ふらっと立ち寄った喫煙所で、小学生くらいの女の子が堂々とタバコを吸っているのだ。
ココアシガレットでタバコを吸う真似をしているのならば、まだ理解できる。それであれば、微笑ましいとさえ思う。しかし女の子はキャメルを吸っていた。紛れもない、キャメルだった。

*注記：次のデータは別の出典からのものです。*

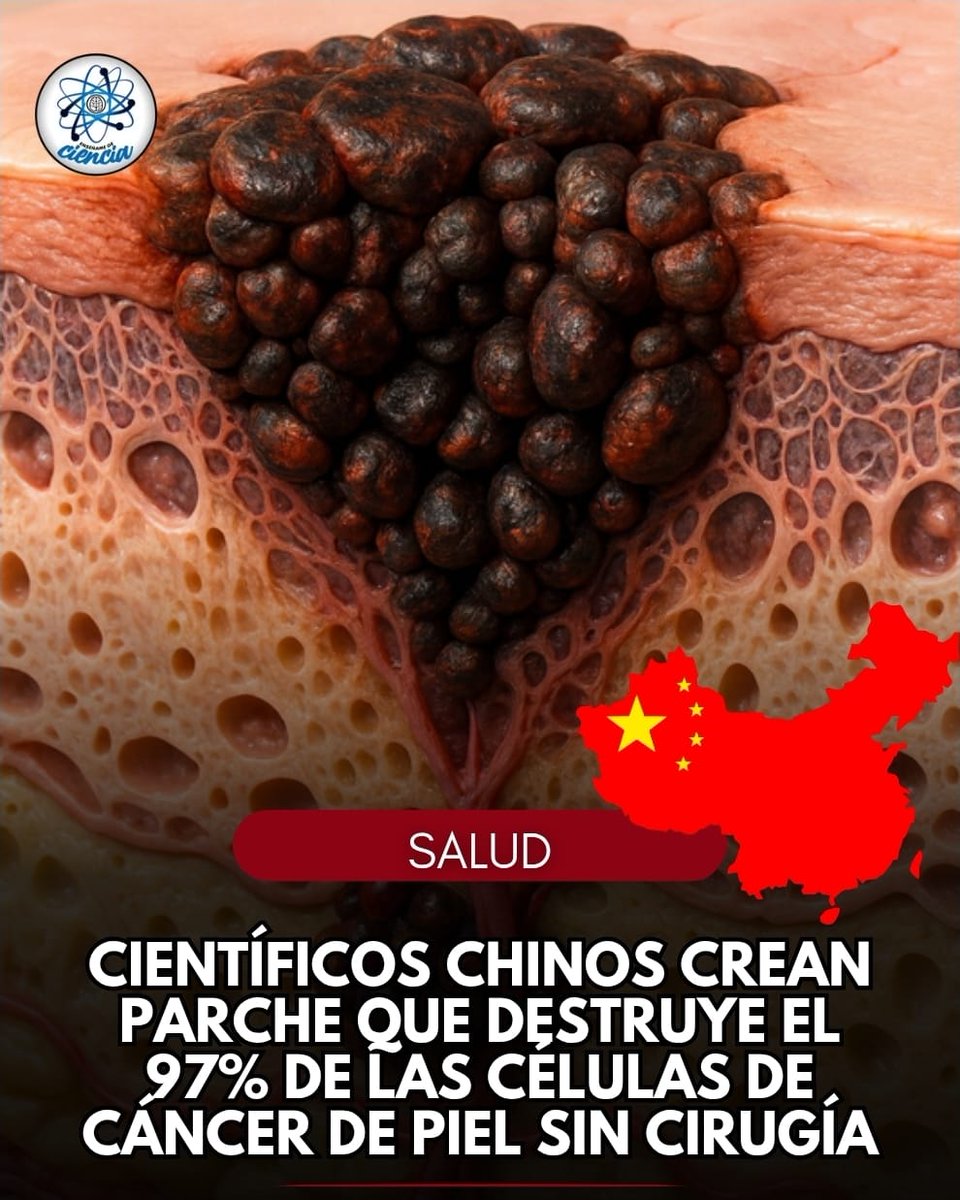 EnsedeCiencia's tweet photo. Un equipo de investigadores de la Universidad de Hong Kong y la Universidad de Wuhan han desarrollado un posible nuevo tratamiento para tratar el melanoma de una manera no invasiva. Consiste en un parche elástico que se activa mediante calor, muy parecido a una venda. https://t.co/oDHX0CxQd6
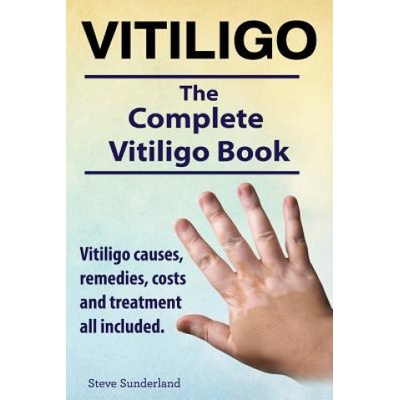 Vitiligo. Vitiligo Causes, Remedies, Costs and Treatment All Included. the Complete Vitiligo Book. Sunderland StevePaperback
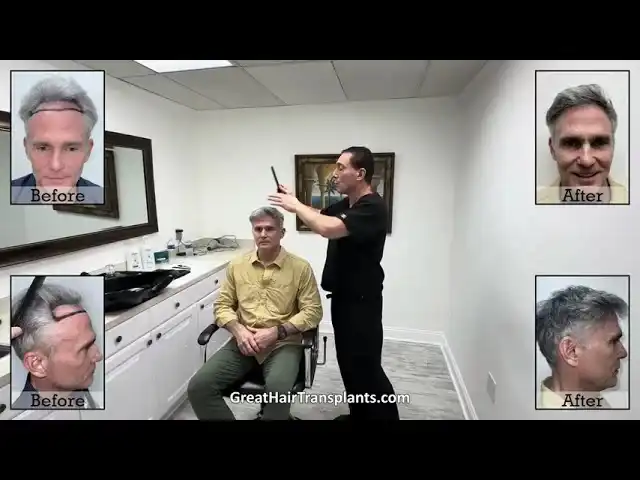 Dr. Brett Bolton MaxHarvest Procedure patient James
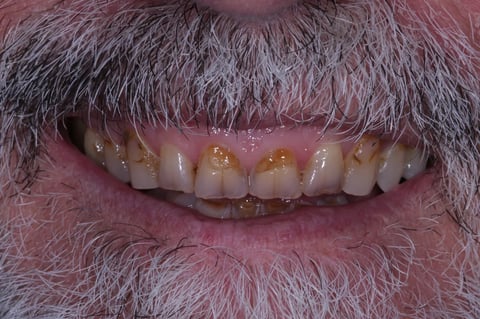 Before rebuilt & refreshed — composite bonding on 6 front teeth — Jamil Dental Hirwaun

田中は注意をしなかった。さっさと自分のタバコを吸って、できるだけ関わらぬように、さっさと火を消して喫煙所から出ようとした。
しかし。
喫煙所のドアが、開かなかった。
おじさん
注意してよ。
肺がね、こんなんになっちゃってるの。
女の子は胸部をかっ開いて、自身の肺を田中に晒した。
どくどくと、黒い肺が動いていた。
ああああああああああああああ。
田中は衝撃のあまり叫び、意識を失った。
たーなーか。
たーなーか。
たーなーか。
田中。
田中は目を覚ました。
そこは自分の部屋だった。
夢かーーと安心し、田中は起き上がる。そしてベランダに向かい、椅子に座ってタバコに火をつけた。
変な夢を見たせいか、身体が妙に重い。
「田中」
妙に。
「たなか」
身体がーー
た
な
か。
背中の上に、女の子がのしかかっていた。
「副流煙、ちょーだい」
その子が
歯を剥き出して笑うたび、
黒い肺が、うごめいていた。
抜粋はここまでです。